Other subcontractors may also get a slice. Those can include the authors of the malware used to break into victim networks and the people running so-called "bulletproof domains" behind which the ransomware gangs hide their "command-and-control" servers. Those servers manage the remote sowing of malware and data extraction ahead of activation, a stealthy process that can take weeks.

How come the ransoms keep getting bigger?

Data from EU cybersecurity agency Enisa published in October showed that victims of ransomware paid out over €10 billion in 2019, up €3.3 billion on the year before.

Meat company JBS admitted in June it had paid the equivalent of €9 million to hackers after a ransomware attack halted production in Australia and America.

"This was a very difficult decision to make for our company and for me personally," said Andre Nogueira, the CEO of JBS USA. "However, we felt this decision had to be made to prevent any potential risk for our customers".

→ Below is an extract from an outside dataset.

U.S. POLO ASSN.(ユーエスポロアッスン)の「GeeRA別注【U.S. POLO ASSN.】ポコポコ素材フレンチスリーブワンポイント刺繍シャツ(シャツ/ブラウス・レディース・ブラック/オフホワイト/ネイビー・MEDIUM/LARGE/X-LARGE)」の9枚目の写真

The FBI discourages paying ransoms, but a public-private task force including tech companies and US, British and Canadian crime agencies says it would be wrong to try to ban ransom payments altogether. That's largely because "ransomware attackers continue to find sectors and elements of society that are woefully underprepared for this style of attack".

The task force recognises that paying up can be the only way for an afflicted business to avoid bankruptcy. Worse, the sophisticated cybercriminals often have done their research and know a victim's cybersecurity insurance coverage limit. They've been known to mention it in negotiations.

That degree of criminal savvy helped drive average ransom payments to more than $310,000 (€260,000) last year, up 171 per cent from 2019, according to Palo Alto Networks, a task force member.

What are leaders doing to tackle ransomware?

US President Joe Biden signed an executive order in May meant to strengthen American cybersecurity defences, mostly in response to Russia's hacking of federal agencies and interference in US politics.

White House principal deputy press secretary Karine Jean-Pierre said in June that the ransom demand of JBS meat came from a "criminal organisation likely based in Russia".

Ransomware and cybersecurity were key discussion points when President Biden met his Russian counterpart Vladimir Putin in Geneva in June.

"I talked about the proposition that certain critical infrastructure should be off-limits to attack. Period. By cyber or any other means. I gave them a list, 16 specific entities. 16 defined as critical infrastructure," Biden said after the summit.

Earlier, leaders at a G7 summit in the United Kingdom issued a joint statement that called on Russia to do more to tackle cybercrime.

"We call on Russia...to identify, disrupt, and hold to account those within its borders who conduct ransomware attacks, abuse virtual currency to launder ransoms, and other cybercrimes," the statement signed by the leaders of Canada, France, Germany, Italy, Japan, the United Kingdom, and the United States said.

Named and shamed

The new industry task force set up to combat ransomware says it's important to have concerted diplomatic, legal, and law enforcement cooperation with key allies.

Ransomware developers and their affiliates should be named and shamed - though they're not always easy to identify - and regimes that enable them punished with sanctions, its report urges.

It calls for mandatory disclosure of ransom payments and a federal "response fund" to provide financial assistance to victims in hopes that, in many cases, it will prevent them from paying ransoms.

And it wants stricter regulation of cryptocurrency markets to make it more difficult for criminals to launder ransomware proceeds.

The task force also calls for something potentially controversial: amending the US Computer Fraud and Abuse Act to let private industry actively block or limit online criminal activity, including of botnets, the networks of hijacked zombie computers that ransomware criminals use to sow infections.